Un bouquet de roses rouges. - Unsplash / Süheyl Burak
Un bouquet de roses rouges. - Unsplash / Süheyl Burak
Durée de lecture : 7 minutes
Quotidien AgricultureEn France, cultiver des roses en plein hiver est un chemin semé d’embûches pour les producteurs. Mais grâce aux variétés de saison, aux fleurs séchées et labels spécialisés, il est possible d’offrir un bouquet local.
C’est décidé, cette année, à la Saint-Valentin, vous boycottez la rose importée en avion depuis le Kenya ou l’Équateur, et optez pour une fleur… locale ! Une rose française en février ? Même si elle existe, vous aurez sans doute du mal à la trouver.
« Aujourd’hui, il reste moins d’une dizaine de producteurs de roses dans le Var, alors qu’on en recensait une centaine dans les années 80, constate Gilles Rus, directeur développement au Marché aux fleurs de Hyères, dans le Var, premier département producteur de fleurs. « Ce déclin est lié d’abord à la concurrence vive des productions en provenance d’Afrique et d’Amérique du Sud qui tirent les prix vers le bas.
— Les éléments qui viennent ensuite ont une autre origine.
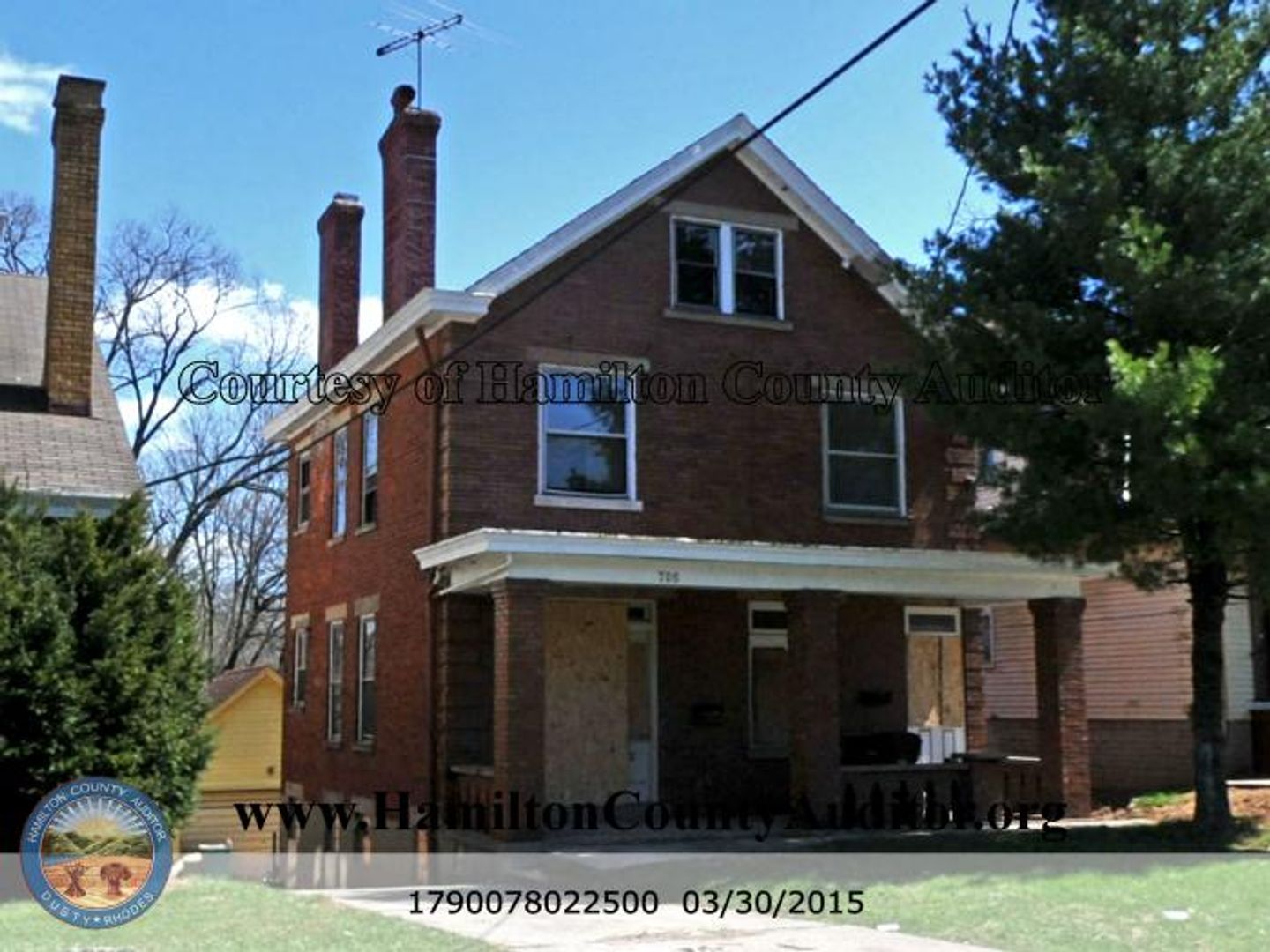 706 Trenton Ave unit 2 – photo 1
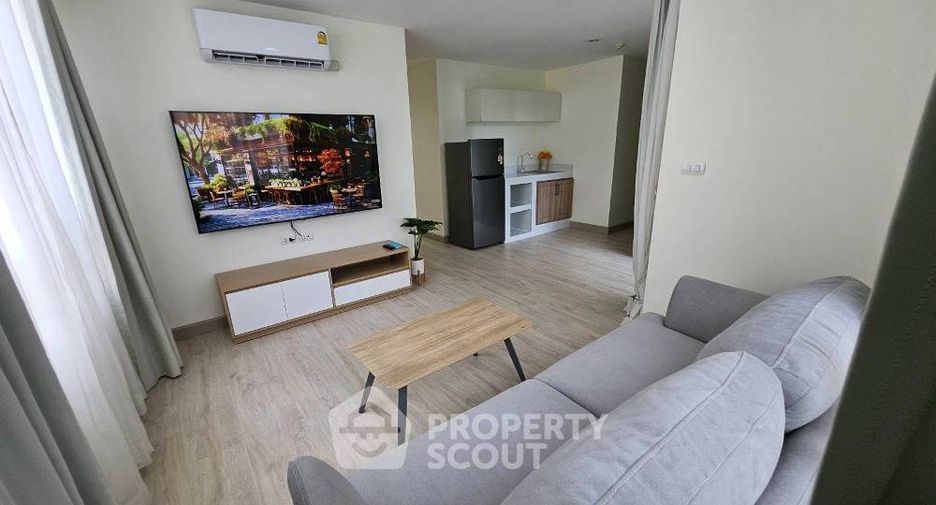 Condo en venta de 2 habitaciones en Prawet, Bangkok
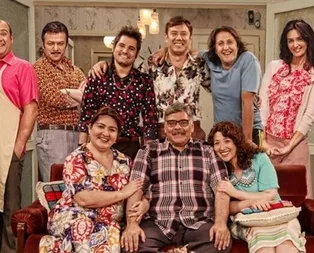 Seksenler efsane kadrosuyla dönüyor! Seksenler yeni sezon ne zaman başlayacak? Fragman yayınlandı!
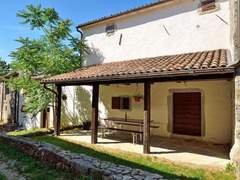 Ferienhaus - Ferienhaus Steinhaus Kotli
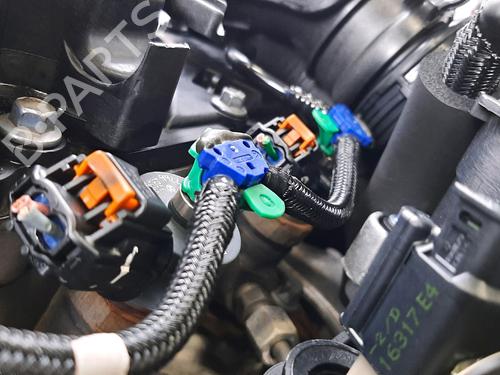 Engine CITROËN C4 CACTUS 1.6 BlueHDi 100 | BP32975106M1  - Image 9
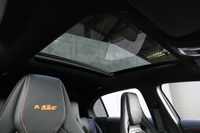 2023 Mercedes-AMG A-CLASS null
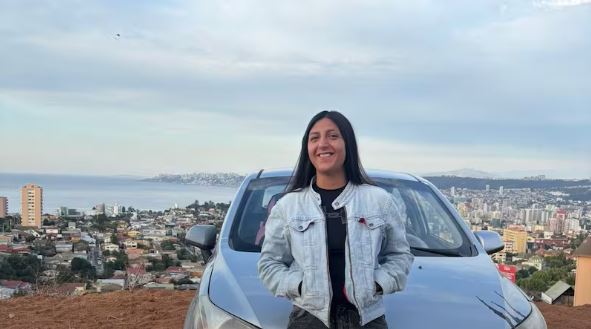 Detienen en el norte del país a presunto autor del ataque a conductora en Avenida España en Valparaíso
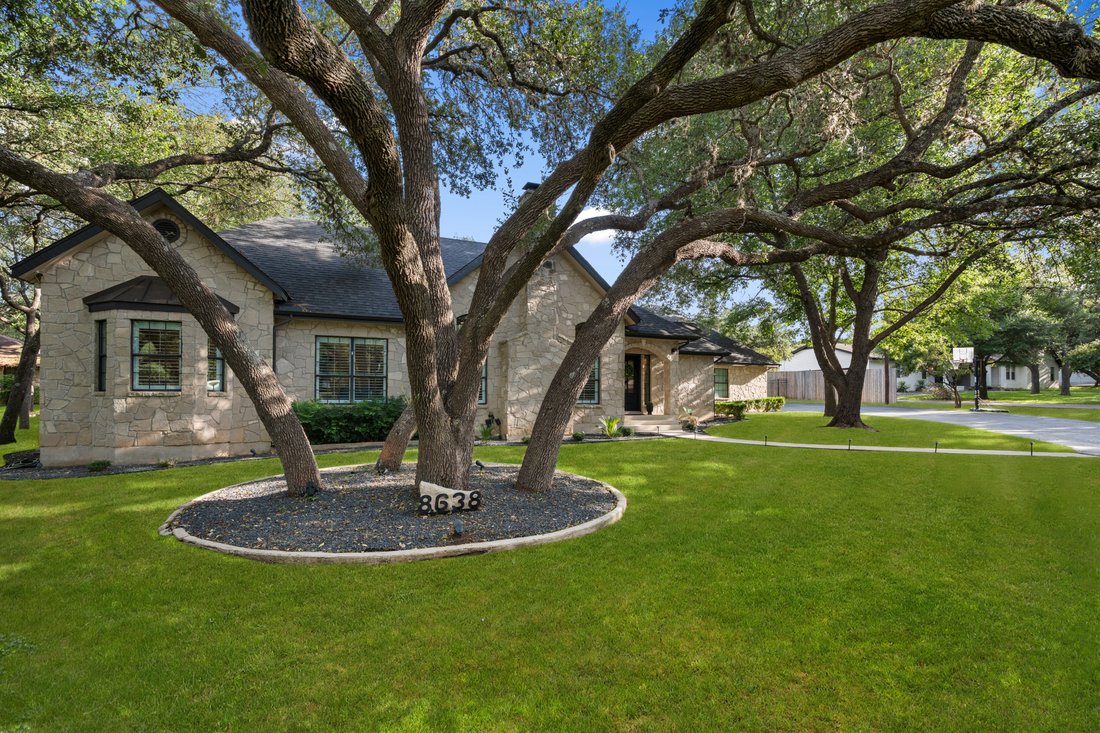 House in San Antonio, Texas, United States 5 - 18448515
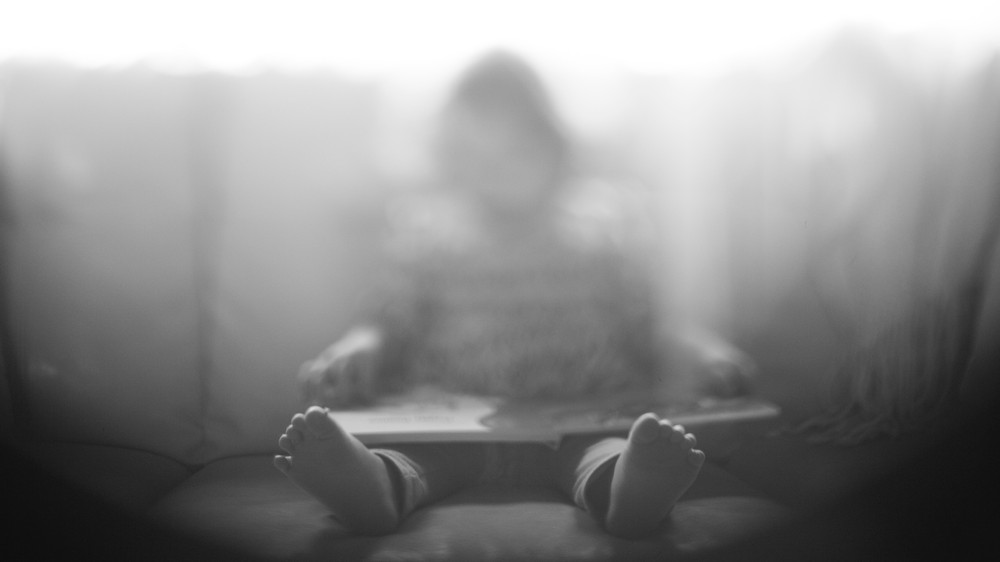 Lost in The Story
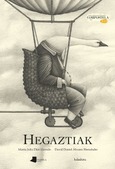 Portada de: Hegaztiak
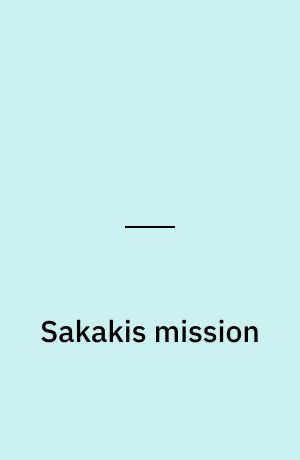 Sakakis mission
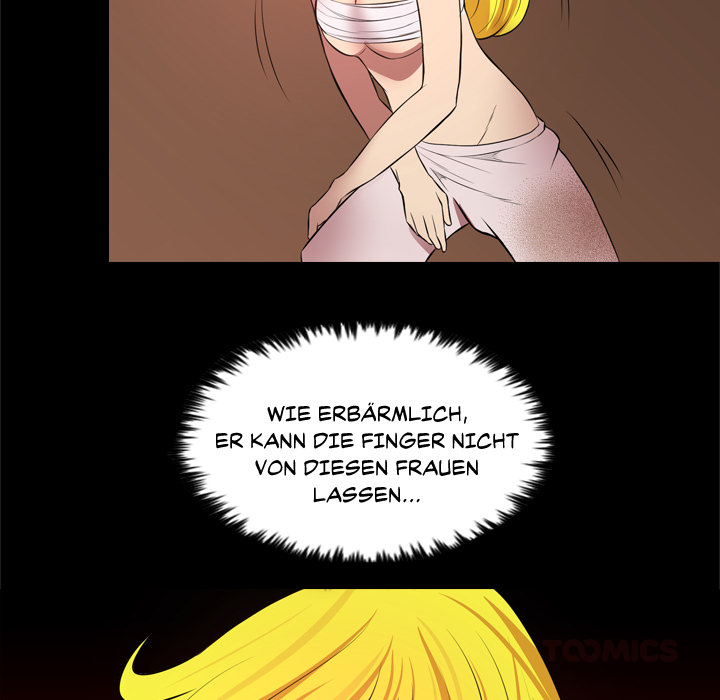 Die Gefängnisinsel - episode 27 - 17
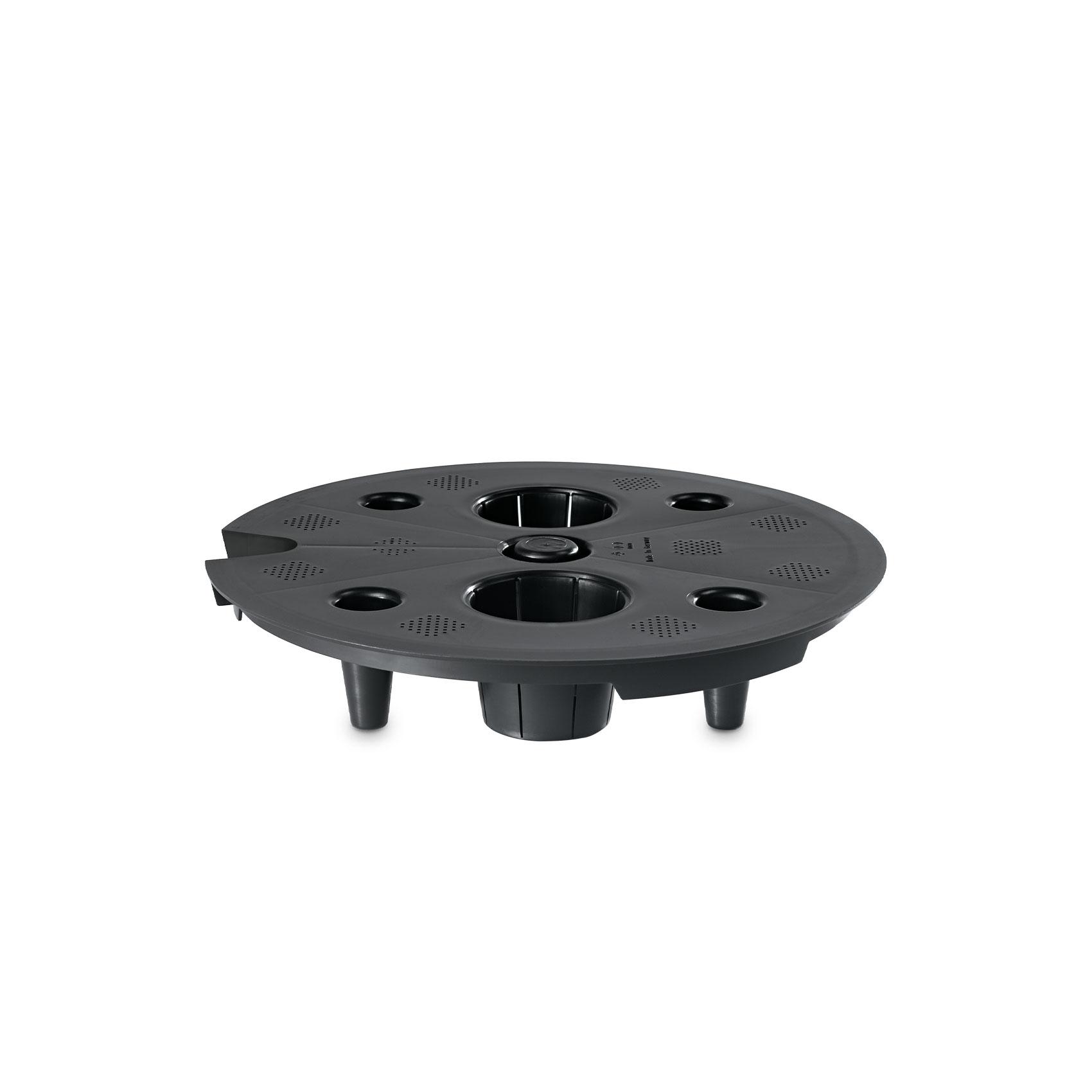 Trennboden RONDO | DIAMANTE (2x)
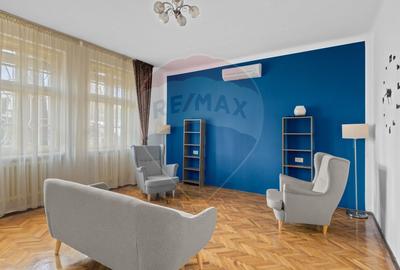 Spațiu de birouri de închiriat – 170 m² – zona Centrală - 2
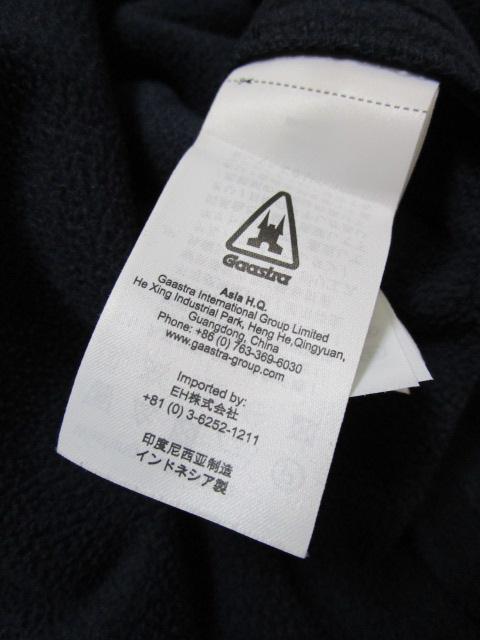 GAASTRA KXg t[XWPbg fB[X STCY lCr[ ̎ʐ^8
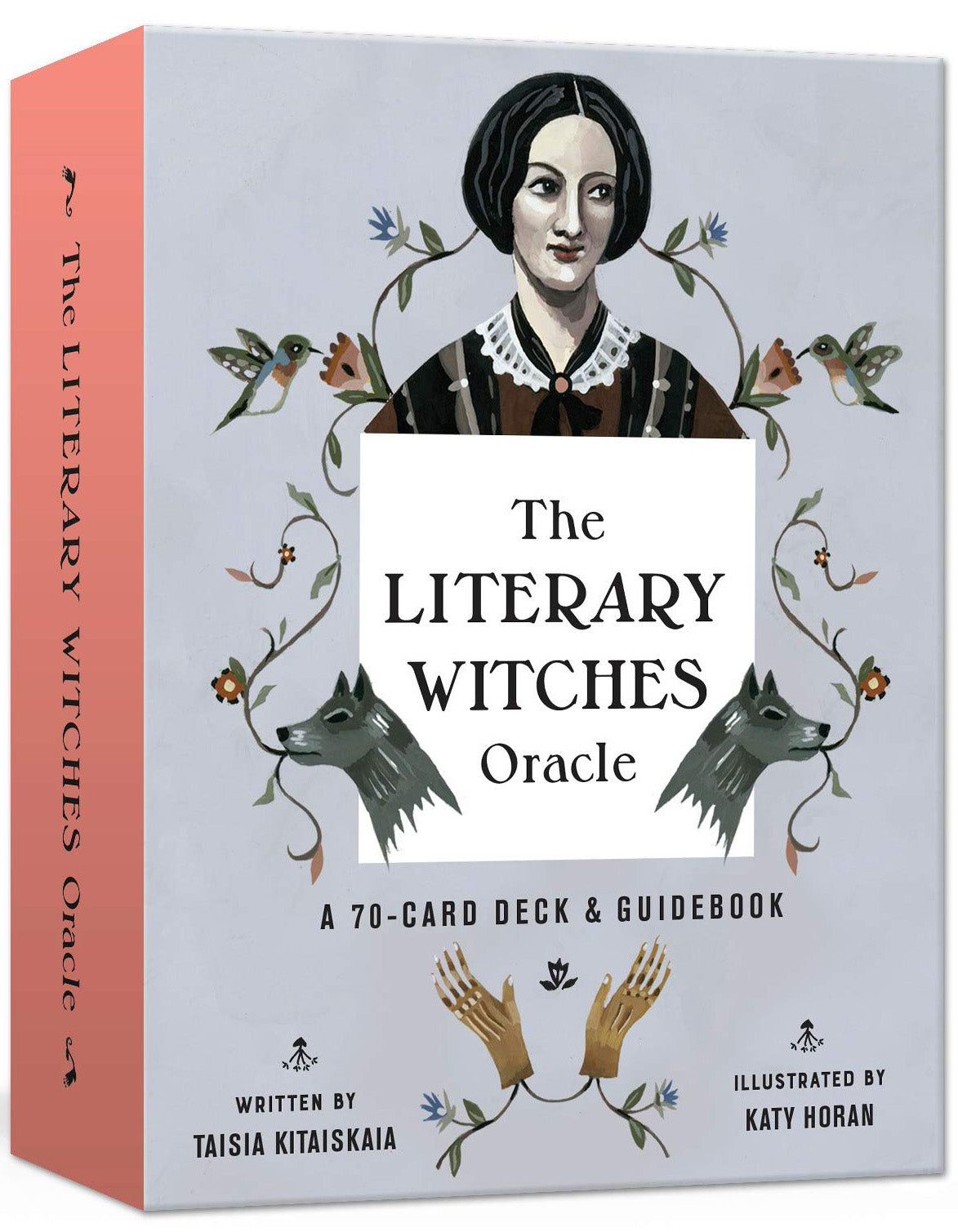 The Literary Witches Oracle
Mais aussi à des charges en augmentation, comme, entre autres, les coûts des serres. »
Car, pour récolter des roses en hiver, la serre chauffée est inévitable, que ce soit aux Pays-Bas, premier producteur européen, ou dans le sud de la France. Aussi beaucoup de floriculteurs français ont-ils préféré renoncer à cette culture peu rentable et énergivore.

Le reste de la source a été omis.